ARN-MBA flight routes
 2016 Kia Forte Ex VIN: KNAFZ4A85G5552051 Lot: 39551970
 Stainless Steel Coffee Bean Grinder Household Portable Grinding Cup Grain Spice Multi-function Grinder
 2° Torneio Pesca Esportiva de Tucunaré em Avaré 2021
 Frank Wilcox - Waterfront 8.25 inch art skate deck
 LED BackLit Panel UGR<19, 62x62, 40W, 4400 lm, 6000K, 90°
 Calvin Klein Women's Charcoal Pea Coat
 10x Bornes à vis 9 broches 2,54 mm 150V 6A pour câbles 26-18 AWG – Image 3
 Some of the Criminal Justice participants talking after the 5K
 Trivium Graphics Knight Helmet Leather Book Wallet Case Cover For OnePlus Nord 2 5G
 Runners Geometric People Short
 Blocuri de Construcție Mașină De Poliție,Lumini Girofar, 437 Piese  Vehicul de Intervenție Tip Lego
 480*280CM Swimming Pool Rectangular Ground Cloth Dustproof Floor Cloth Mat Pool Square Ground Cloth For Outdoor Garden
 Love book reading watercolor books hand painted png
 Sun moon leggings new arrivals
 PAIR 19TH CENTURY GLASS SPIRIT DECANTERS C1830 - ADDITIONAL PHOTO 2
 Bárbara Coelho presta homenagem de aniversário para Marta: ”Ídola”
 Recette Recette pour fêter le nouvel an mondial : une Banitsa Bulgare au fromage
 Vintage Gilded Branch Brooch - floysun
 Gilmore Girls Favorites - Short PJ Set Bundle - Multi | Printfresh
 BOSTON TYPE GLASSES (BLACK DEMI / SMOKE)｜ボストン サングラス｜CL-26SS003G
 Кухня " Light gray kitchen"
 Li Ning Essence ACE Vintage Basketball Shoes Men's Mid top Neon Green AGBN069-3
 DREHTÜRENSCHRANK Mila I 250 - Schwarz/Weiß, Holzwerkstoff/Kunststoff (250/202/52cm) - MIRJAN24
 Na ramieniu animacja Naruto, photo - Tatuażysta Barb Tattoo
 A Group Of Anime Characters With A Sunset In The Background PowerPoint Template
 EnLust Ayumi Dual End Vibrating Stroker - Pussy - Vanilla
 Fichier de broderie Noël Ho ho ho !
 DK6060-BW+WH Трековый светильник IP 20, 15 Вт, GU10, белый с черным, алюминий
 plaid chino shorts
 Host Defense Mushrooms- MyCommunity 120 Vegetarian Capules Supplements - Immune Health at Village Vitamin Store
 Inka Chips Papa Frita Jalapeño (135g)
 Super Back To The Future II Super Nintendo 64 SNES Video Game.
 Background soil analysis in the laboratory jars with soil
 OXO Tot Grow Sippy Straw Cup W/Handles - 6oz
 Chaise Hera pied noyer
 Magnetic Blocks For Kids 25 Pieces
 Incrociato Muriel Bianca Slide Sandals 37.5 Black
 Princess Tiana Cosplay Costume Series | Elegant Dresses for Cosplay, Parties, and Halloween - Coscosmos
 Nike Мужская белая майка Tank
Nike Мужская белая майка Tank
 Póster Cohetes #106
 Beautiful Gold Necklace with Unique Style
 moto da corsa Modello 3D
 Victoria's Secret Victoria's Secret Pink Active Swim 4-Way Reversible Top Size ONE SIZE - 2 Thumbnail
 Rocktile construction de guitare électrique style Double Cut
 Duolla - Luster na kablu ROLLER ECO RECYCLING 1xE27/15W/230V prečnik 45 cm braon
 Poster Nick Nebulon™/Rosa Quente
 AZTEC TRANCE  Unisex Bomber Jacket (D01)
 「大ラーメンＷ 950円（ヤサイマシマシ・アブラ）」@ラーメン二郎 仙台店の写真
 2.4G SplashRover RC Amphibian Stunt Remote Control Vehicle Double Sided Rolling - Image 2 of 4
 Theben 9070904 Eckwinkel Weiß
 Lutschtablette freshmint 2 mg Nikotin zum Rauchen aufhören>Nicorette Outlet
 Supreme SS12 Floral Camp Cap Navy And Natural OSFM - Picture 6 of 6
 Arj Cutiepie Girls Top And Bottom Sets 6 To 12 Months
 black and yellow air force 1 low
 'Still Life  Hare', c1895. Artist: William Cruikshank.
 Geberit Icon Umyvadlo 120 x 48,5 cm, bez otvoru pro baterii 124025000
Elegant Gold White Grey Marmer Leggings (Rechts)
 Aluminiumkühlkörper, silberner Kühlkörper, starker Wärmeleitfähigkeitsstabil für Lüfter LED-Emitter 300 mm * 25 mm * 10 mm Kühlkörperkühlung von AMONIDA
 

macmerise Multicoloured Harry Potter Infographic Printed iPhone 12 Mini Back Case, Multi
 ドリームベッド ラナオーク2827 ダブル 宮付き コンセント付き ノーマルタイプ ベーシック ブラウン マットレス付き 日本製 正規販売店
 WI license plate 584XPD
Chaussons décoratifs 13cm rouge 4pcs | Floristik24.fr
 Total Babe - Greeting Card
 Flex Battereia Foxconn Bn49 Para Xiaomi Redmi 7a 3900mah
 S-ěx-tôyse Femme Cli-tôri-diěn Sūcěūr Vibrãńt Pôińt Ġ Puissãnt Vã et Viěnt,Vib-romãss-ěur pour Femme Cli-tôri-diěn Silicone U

Task:
Above are the entries. Output exactly the lines beginning with the line that has "Poster Nick Nebulon™/Rosa Quente" and ending with the line that has "Elegant Gold White".

Output:
 Poster Nick Nebulon™/Rosa Quente
 AZTEC TRANCE  Unisex Bomber Jacket (D01)
 「大ラーメンＷ 950円（ヤサイマシマシ・アブラ）」@ラーメン二郎 仙台店の写真
 2.4G SplashRover RC Amphibian Stunt Remote Control Vehicle Double Sided Rolling - Image 2 of 4
 Theben 9070904 Eckwinkel Weiß
 Lutschtablette freshmint 2 mg Nikotin zum Rauchen aufhören>Nicorette Outlet
 Supreme SS12 Floral Camp Cap Navy And Natural OSFM - Picture 6 of 6
 Arj Cutiepie Girls Top And Bottom Sets 6 To 12 Months
 black and yellow air force 1 low
 'Still Life  Hare', c1895. Artist: William Cruikshank.
 Geberit Icon Umyvadlo 120 x 48,5 cm, bez otvoru pro baterii 124025000
Elegant Gold White Grey Marmer Leggings (Rechts)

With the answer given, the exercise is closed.